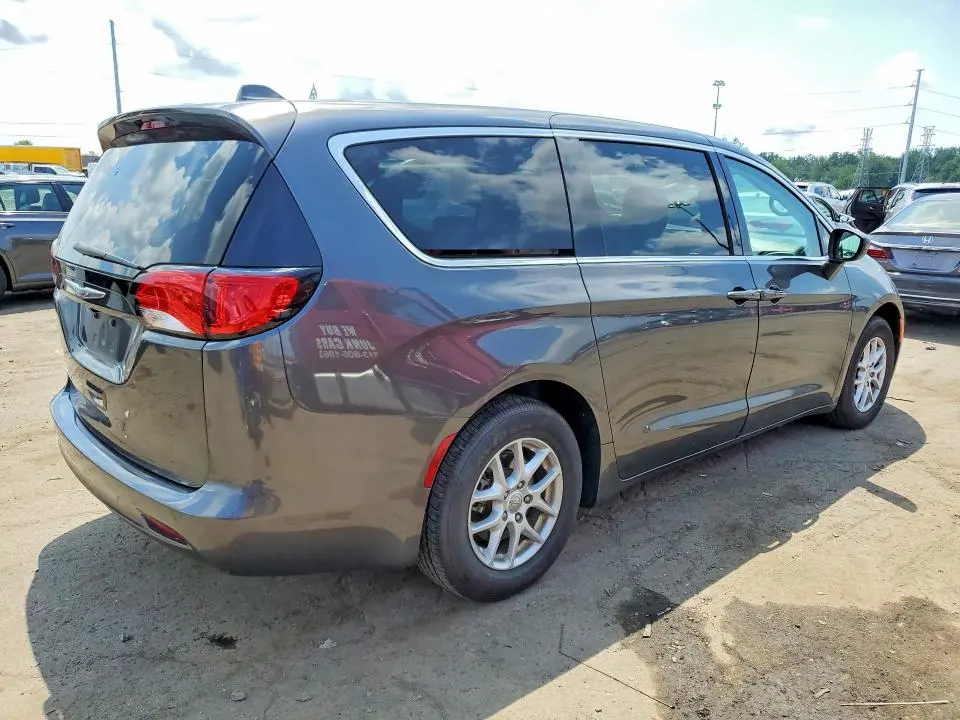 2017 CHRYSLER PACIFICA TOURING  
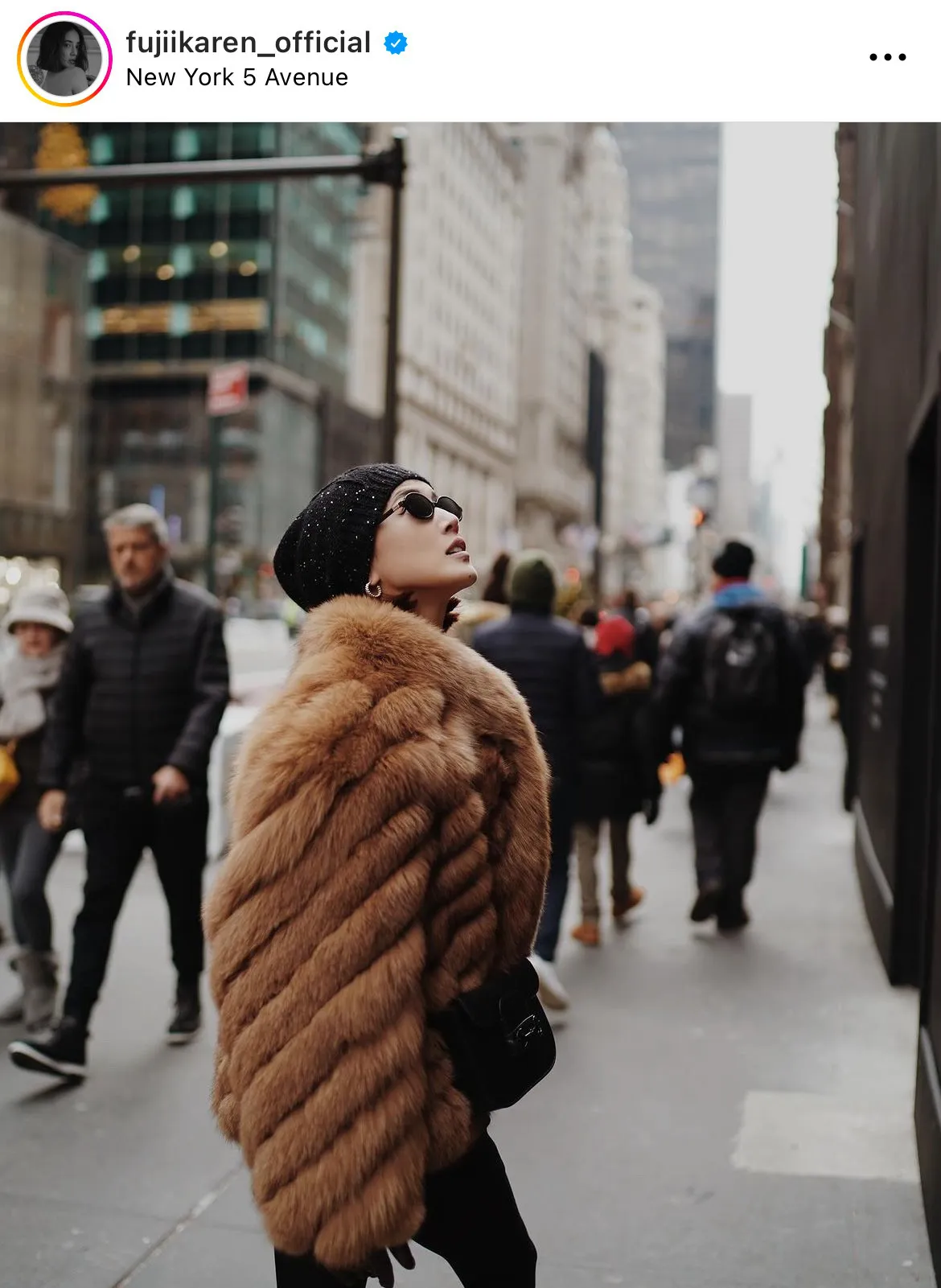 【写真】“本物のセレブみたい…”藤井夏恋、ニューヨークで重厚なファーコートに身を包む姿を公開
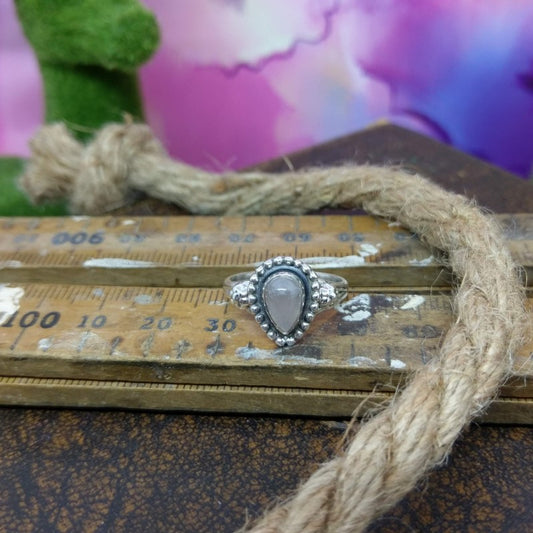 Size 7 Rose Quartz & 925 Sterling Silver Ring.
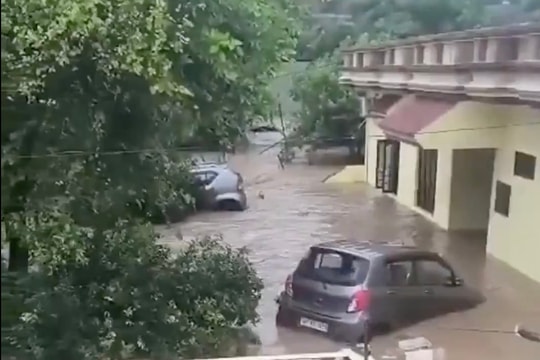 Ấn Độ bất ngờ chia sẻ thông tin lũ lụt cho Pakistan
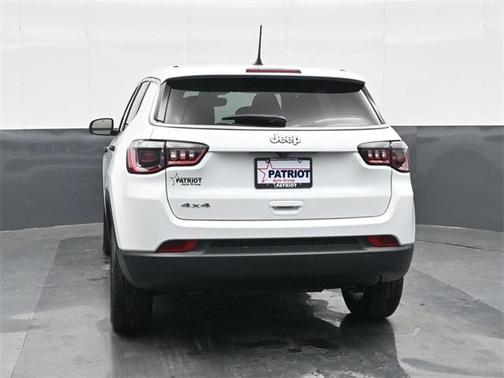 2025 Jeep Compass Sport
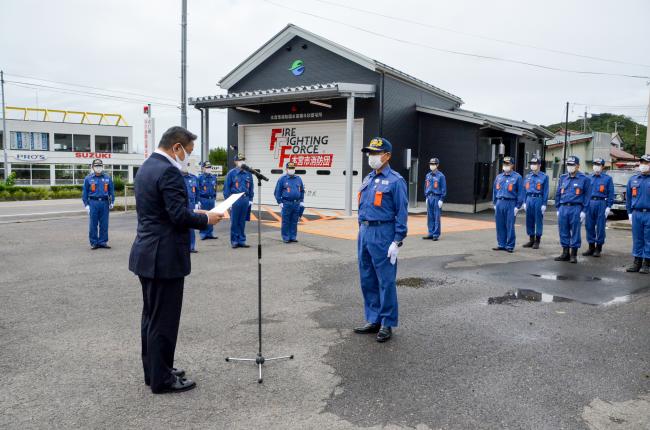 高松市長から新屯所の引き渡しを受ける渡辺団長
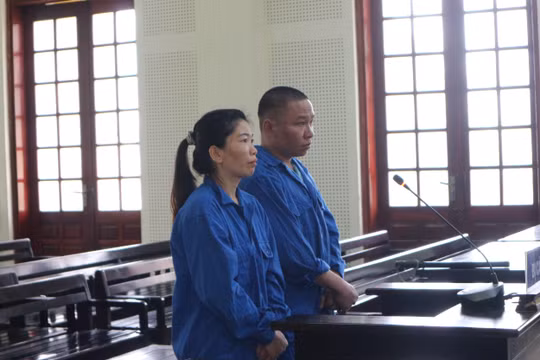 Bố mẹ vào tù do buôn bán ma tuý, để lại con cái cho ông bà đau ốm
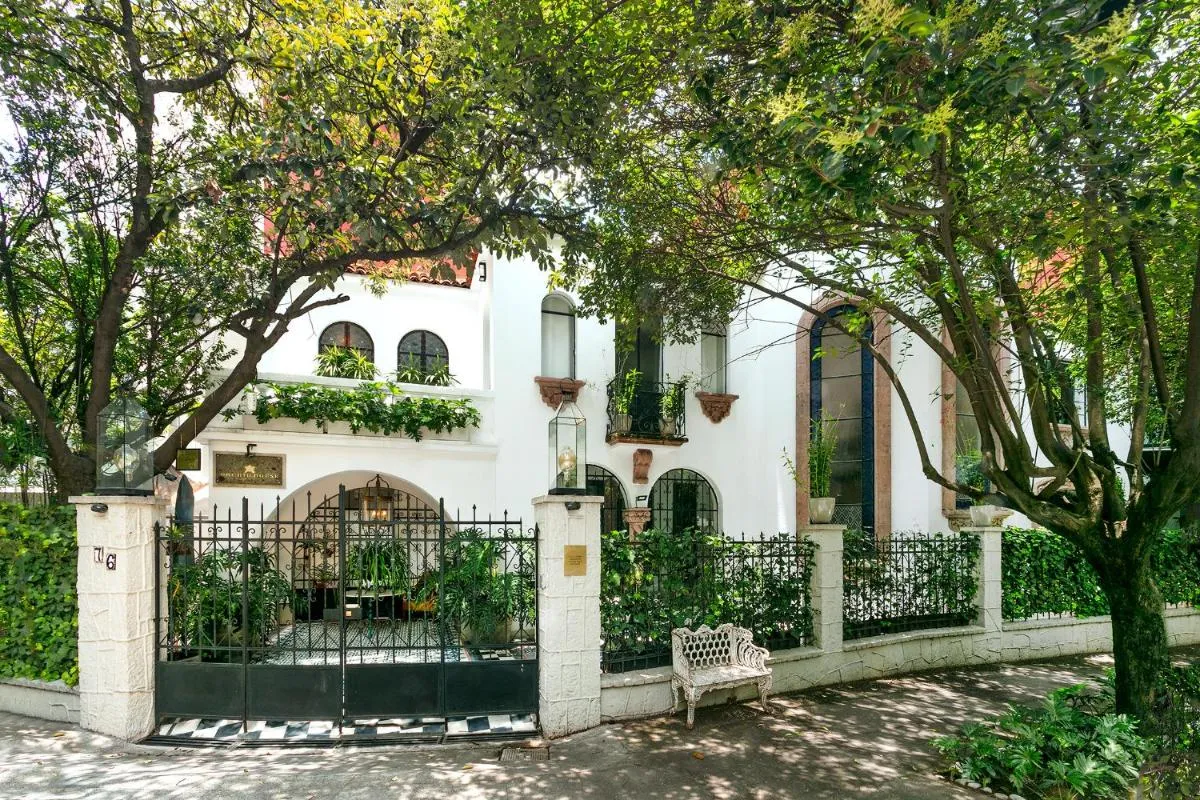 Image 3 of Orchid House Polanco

====

**What is required:** All the records need to be set down word for word, with the images left out.

**Solution to this task:**
 2017 CHRYSLER PACIFICA TOURING  
 【写真】“本物のセレブみたい…”藤井夏恋、ニューヨークで重厚なファーコートに身を包む姿を公開
 Size 7 Rose Quartz & 925 Sterling Silver Ring.
 Ấn Độ bất ngờ chia sẻ thông tin lũ lụt cho Pakistan
 2025 Jeep Compass Sport
 高松市長から新屯所の引き渡しを受ける渡辺団長
 Bố mẹ vào tù do buôn bán ma tuý, để lại con cái cho ông bà đau ốm
 Image 3 of Orchid House Polanco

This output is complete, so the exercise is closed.